• _Material for this exercise_:
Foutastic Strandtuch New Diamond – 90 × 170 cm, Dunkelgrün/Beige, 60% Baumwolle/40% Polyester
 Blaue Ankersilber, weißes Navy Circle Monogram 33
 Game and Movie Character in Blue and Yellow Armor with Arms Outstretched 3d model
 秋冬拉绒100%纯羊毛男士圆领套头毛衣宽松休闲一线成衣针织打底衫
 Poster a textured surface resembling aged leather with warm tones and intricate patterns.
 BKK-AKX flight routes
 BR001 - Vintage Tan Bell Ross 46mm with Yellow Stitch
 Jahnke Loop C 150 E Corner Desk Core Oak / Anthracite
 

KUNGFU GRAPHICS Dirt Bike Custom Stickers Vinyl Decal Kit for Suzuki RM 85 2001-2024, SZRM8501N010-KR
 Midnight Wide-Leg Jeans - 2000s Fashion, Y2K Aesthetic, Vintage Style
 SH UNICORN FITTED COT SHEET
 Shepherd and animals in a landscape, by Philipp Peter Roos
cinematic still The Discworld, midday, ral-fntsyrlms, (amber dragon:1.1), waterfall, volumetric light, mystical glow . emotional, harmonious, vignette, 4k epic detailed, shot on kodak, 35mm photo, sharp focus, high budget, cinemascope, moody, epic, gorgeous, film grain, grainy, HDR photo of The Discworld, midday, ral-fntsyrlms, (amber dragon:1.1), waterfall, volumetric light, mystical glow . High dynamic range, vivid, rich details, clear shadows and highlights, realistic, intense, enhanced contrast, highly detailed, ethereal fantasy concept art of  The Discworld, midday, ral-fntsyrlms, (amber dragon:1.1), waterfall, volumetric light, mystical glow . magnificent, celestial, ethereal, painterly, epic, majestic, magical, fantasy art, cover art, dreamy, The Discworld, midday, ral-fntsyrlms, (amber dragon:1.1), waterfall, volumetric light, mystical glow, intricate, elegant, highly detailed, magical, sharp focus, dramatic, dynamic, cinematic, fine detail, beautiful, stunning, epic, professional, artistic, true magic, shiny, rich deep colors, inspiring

• _Goal of the exercise_:
Every line in the data that holds "with" should be copied out.

• _Solution to this exercise_:
 Game and Movie Character in Blue and Yellow Armor with Arms Outstretched 3d model
 Poster a textured surface resembling aged leather with warm tones and intricate patterns.
 BR001 - Vintage Tan Bell Ross 46mm with Yellow Stitch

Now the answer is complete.